A syndicate official said that Canadian covered bond spreads have tightened in anticipation of CMHC-insured assets no longer being allowed as collateral for covered bonds, while another spoke of there being a “race” to see who will be the first to issue under such a new framework and RBC expected to be “first out of the gates”. However, he said there would be some “downtime” after legislation details are announced, while a lawyer suggested that Canadian banks could have to spend some time restructuring programmes.
A supplemental prospectus to Bank of Nova Scotia’s programme released in January has also raised the prospect of outstanding CMHC-backed covered bonds being exchanged for new legislative covered bonds with uninsured collateral – although several market participants have said they expect grandfathering of outstanding issues to make this unnecessary.
Bank of America Merrill Lynch analysts earlier this month said that they believe Canadian banks’ issuance capacity would remain unchanged if new covered bond legislation were to exclude insured mortgage loans from making up cover pool assets, because they are not short of uninsured loans.
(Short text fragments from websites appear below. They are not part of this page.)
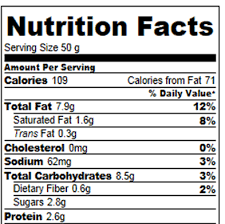 Oreo Pie Calories And Nutrition Facts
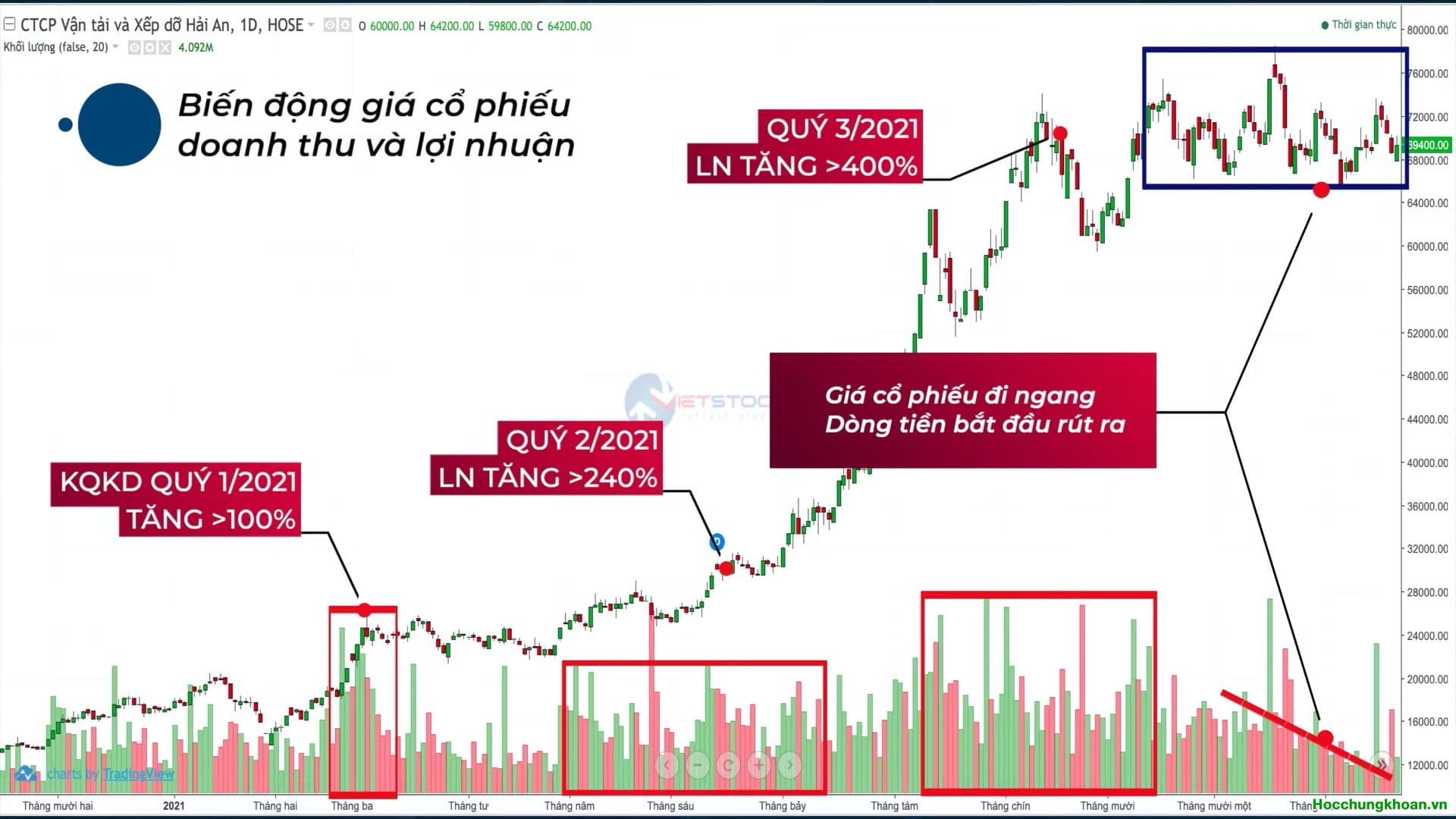Đường đi giá của cổ phiếu chuyển động ngành - Ảnh 16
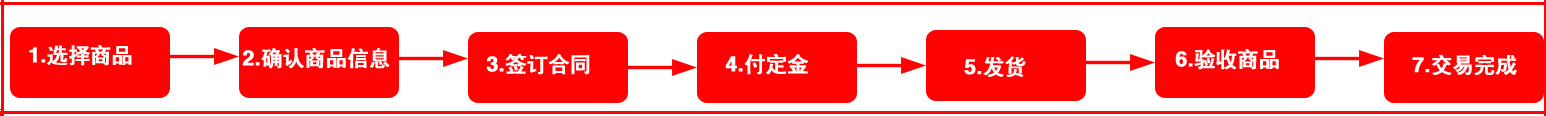 批發(fā)供應 多功能商用洗菜機 大型廣州現(xiàn)代消毒洗菜機
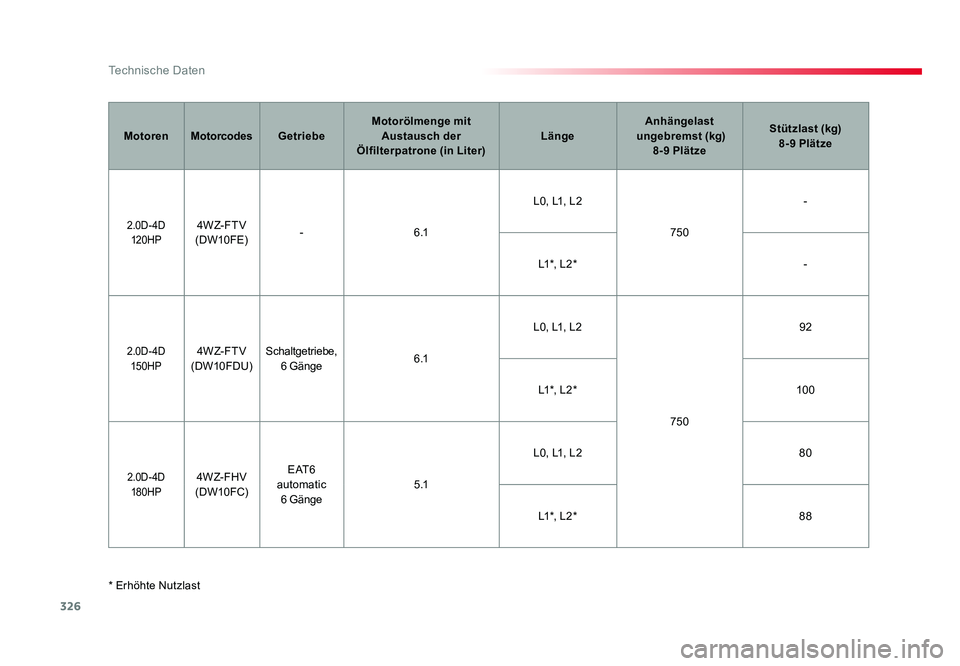 TOYOTA PROACE VERSO 2017  Betriebsanleitungen (in German) 326
Technische Daten
Proace_Verso_de_Chap09_caracteristiques-techniques_ed01-2016
MotorenMotorcodes Getriebe Motorölmenge mit 
Austausch  der 
Ölfilterpatrone (in Liter) LängeAnhängelast
 
 ungebr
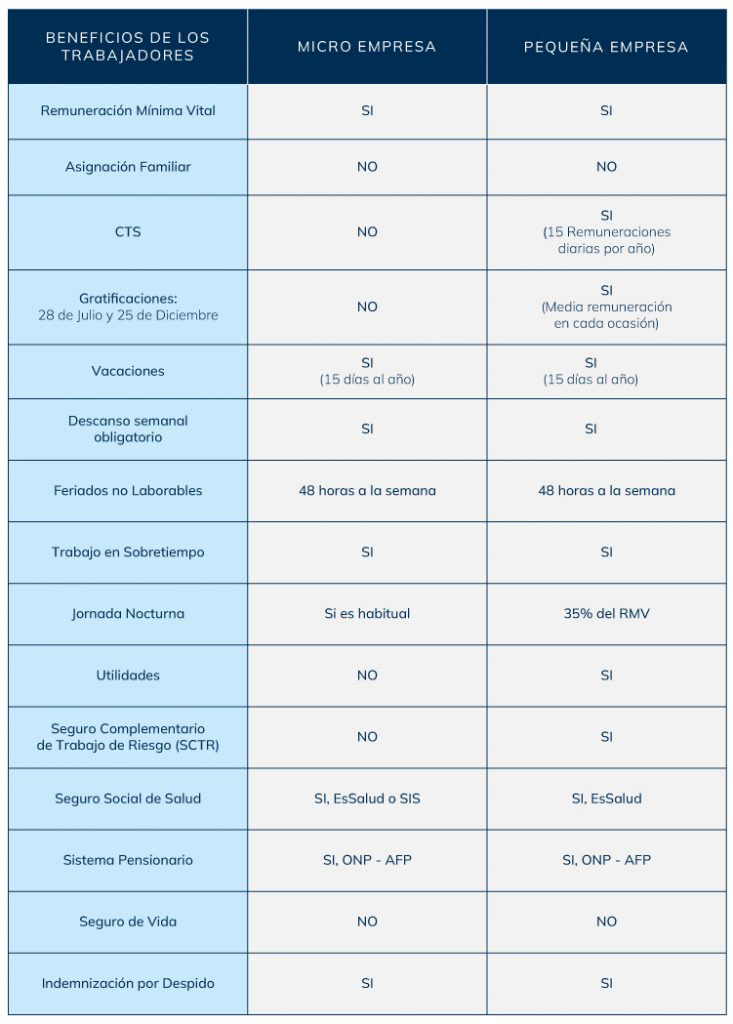 Tabla de beneficios laborales Micro y Pequeña empresa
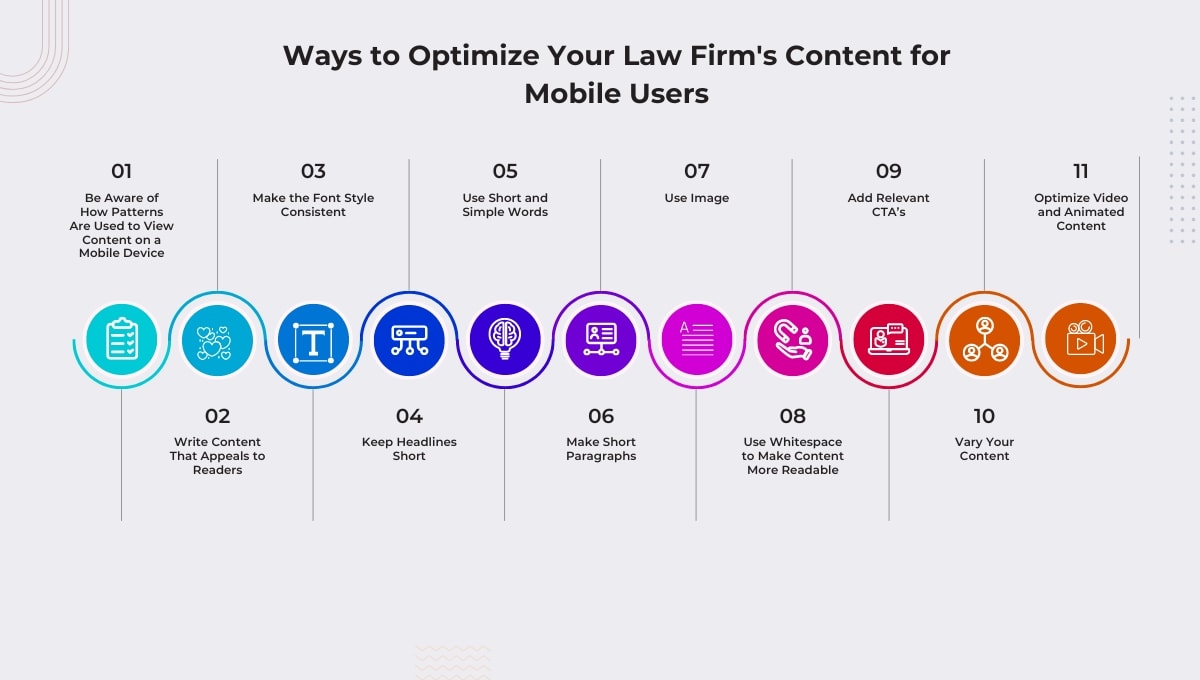 optimizing law firm content for mobile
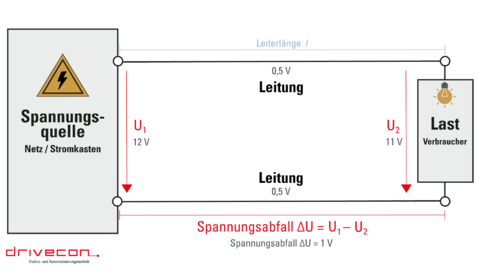 Das Bild ist eine Veranschaulichung eines Stromnetzes. Dabei zeigt es die Spannungsquelle, welche über Leiter mit der Last, also dem Verbraucher, verbunden ist. Die Differenz der Spannungsquelle und des Verbrauchers verdeutlicht den Spannungsfall, welcher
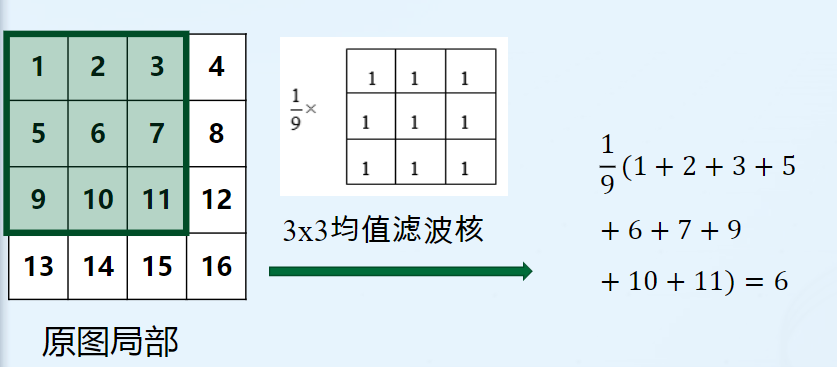 均值滤波示意图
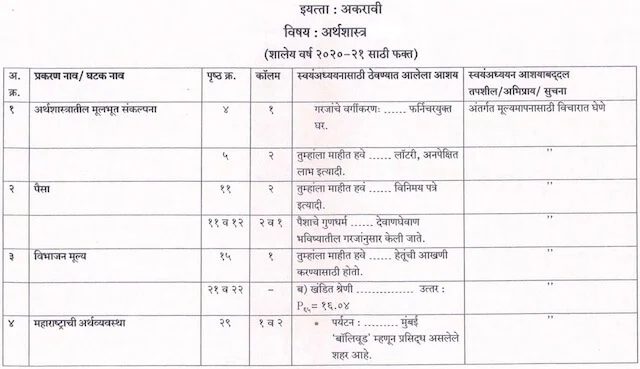 Economics Reduced Syllabus of Class 12 Maharashtra Board pdf Download.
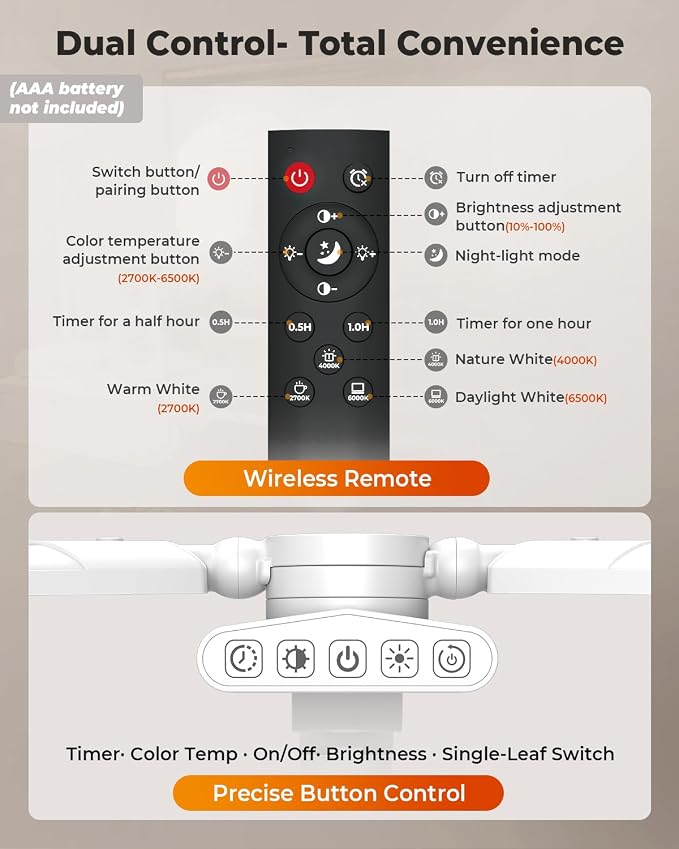 LED Desk Lamp with Clamp, 3600LM 448LEDs Ultra-Bright Architect Desk Light with Remote Control, Desk Light with Stepless Dimming and Stepless Color Temp, Memory Function for Study and Workbench, White
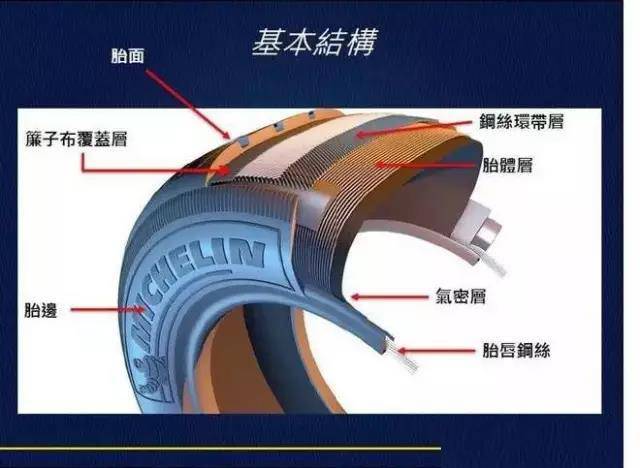 涨姿势了!轮胎原来是这些原材料构成的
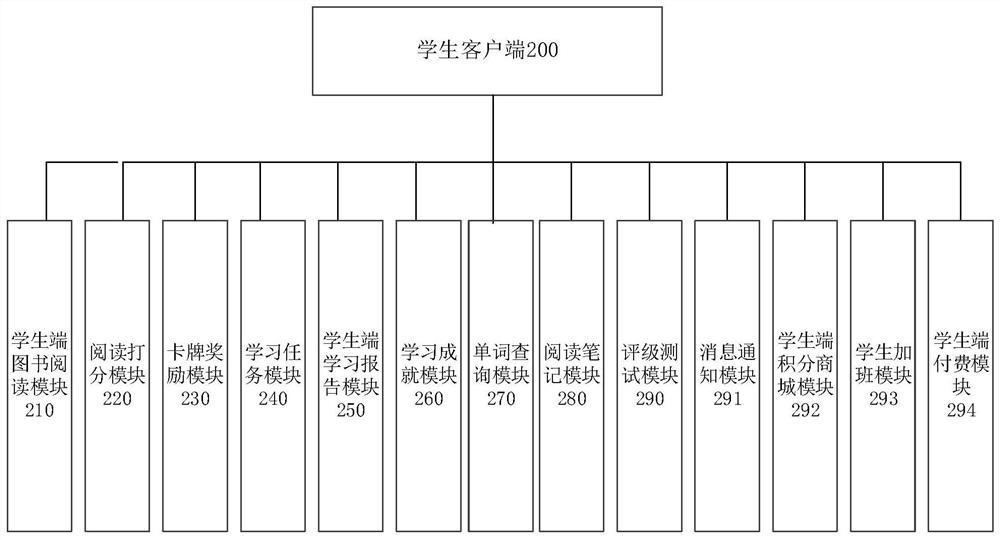 English learning platform system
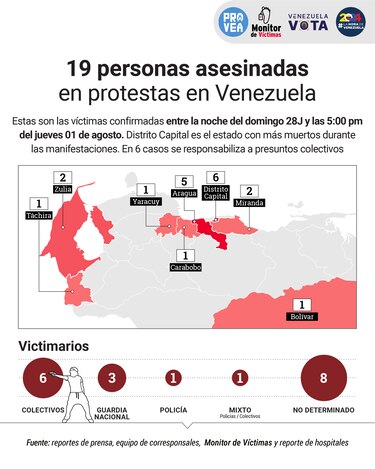 19 personas asesinadas en Venezuela en el contexto de las protestas
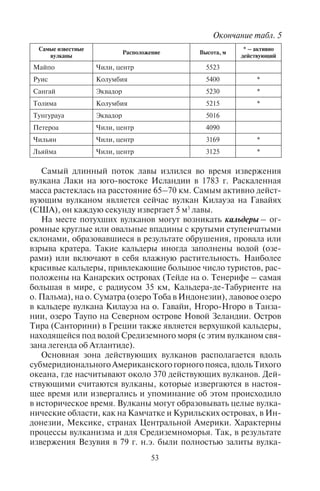 52 53
Самые известные
вулканы
Расположение Высота, м
* – активно
действующий
Шаста Каскадные горы 4317
Тахумулько Гватемала 4217 *
Акатенанго Гватемала 3976 *
Санта-Мария Гватемала 3788 *
Агуа Гватемала 3766 *
Бару Панама 3475
Ирасу Коста-Рика 3432 *
Худ Каскадные горы (северо-
запад США)
3424
Лассен-Пик Сьерра-Невада (Калифор-
ния, США)
3187 *
Илиамна Аляска 3053 *
Шишалдина Аляска, Алеутский хребет
(о. Унимак)
2857 *
Катмай Аляска, Алеутский хребет 2047 *
Исалько Сальвадор 1910 *
Суфриер о. Гваделупа 1467 *
Дьяблотен о. Доминика 1447 *
Монтань-Пеле о. Мартиника 1397 *
Суфриер о. Сент-Винсент 1234 *
Южная Америка
Льюльяйльяко Север Чили 6723 *
Сахама Боливия 6542 *
Коропуна Перу 6425
Ауканкильча Чили, север 6180
Сан-Педро Чили, север 6154 *
Чачани Юг Перу 6075
Гуальятири Чили, крайний север 6060
Ликанкабур Чили, север 5921
Котопакси (Кото-
пахи)
Эквадор 5897 *
Ольягуэ Чили, север 5869
Мисти Юг Перу 5822 *
Антисана Эквадор 5705
Самые известные
вулканы
Расположение Высота, м
* – активно
действующий
Майпо Чили, центр 5523
Руис Колумбия 5400 *
Сангай Эквадор 5230 *
Толима Колумбия 5215 *
Тунгурауа Эквадор 5016
Петероа Чили, центр 4090
Чильян Чили, центр 3169 *
Льяйма Чили, центр 3125 *
Самый длинный поток лавы излился во время извержения
вулкана Лаки на юго-востоке Исландии в 1783 г. Раскаленная
масса растеклась на расстояние 65–70 км. Самым активно дейст-
вующим вулканом является сейчас вулкан Килауэа на Гавайях
(США), он каждую секунду извергает 5 м3
лавы.
На месте потухших вулканов могут возникать кальдеры – ог-
ромные круглые или овальные впадины с крутыми ступенчатыми
склонами, образовавшиеся в результате обрушения, провала или
взрыва кратера. Такие кальдеры иногда заполнены водой (озе-
рами) или включают в себя влажную растительность. Наиболее
красивые кальдеры, привлекающие большое число туристов, рас-
положены на Канарских островах (Тейде на о. Тенерифе – самая
большая в мире, с радиусом 35 км, Кальдера-де-Табуриенте на
о. Пальма), на о. Суматра (озеро Тоба в Индонезии), лавовое озеро
в кальдере вулкана Килауэа на о. Гавайи, Нгоро-Нгоро в Танза-
нии, озеро Таупо на Северном острове Новой Зеландии. Остров
Тира (Санторини) в Греции также является верхушкой кальдеры,
находящейся под водой Средиземного моря (с этим вулканом свя-
зана легенда об Атлантиде).
Основная зона действующих вулканов располагается вдоль
субмеридионального Американского горного пояса, вдоль Тихого
океана, где насчитывают около 370 действующих вулканов. Дей-
ствующими считаются вулканы, которые извергаются в настоя-
щее время или извергались и упоминание об этом происходило
в историческое время. Вулканы могут образовывать целые вулка-
нические области, как на Камчатке и Курильских островах, в Ин-
донезии, Мексике, странах Центральной Америки. Характерны
процессы вулканизма и для Средиземноморья. Так, в результате
извержения Везувия в 79 г. н.э. были полностью залиты вулка-
Продолжение табл. 5 Окончание табл. 5
Copyright ОАО «ЦКБ «БИБКОМ» & ООО «Aгентство Kнига-Cервис»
They stated that insured mortgages at RBC represent 20% of the total compared with around 50% for Bank of Montreal and 60% for CIBC and Toronto-Dominion Bank.
BAML’s analysts said that new Canadian covered bonds without the backing of CMHC-insured assets would not price significantly wider, given the spread differential between RBC covered bonds and those of its peers.
“The differential between the two types of covered bond has been 11bp on average, with a maximum of 20bp and a minimum of minus 3bp,” they said. “This is in line with what we see in other covered bond markets where the spread differential between public sector and mortgage covered bonds in core markets for prime collateral is typically limited.”
They also attributed a tightening of dollar Canadian covered bonds since the beginning of the year to a general market rally rather than to any change in permissible eligible collateral.
A syndicate banker expressed some scepticism about some of the points made by the analysts, saying that it would take some time for Canadian issuers to originate new collateral eligible for issuance under a new covered bond framework in the country, and that the CMHC insurance has a pricing relevance.
RBC is the only Canadian issuer to sell covered bonds backed by assets without CMHC insurance, and the banker put the spread on the bank’s April 2010 issue at around “double digits” back of covered bonds from its peers, but noting that the 2010 deal is not that liquid.
He said that the CMHC insurance backing most Canadian covered bond collateral has meant that there is a large investor base viewing it as quasi-public sector debt, which allows tighter pricing and an allocation to different risk categories, with implications for ticket sizes.
However, Canadian covered bonds would still represent high quality collateral from high quality issuers even if CMHC-insured pools become a thing of the past, he said.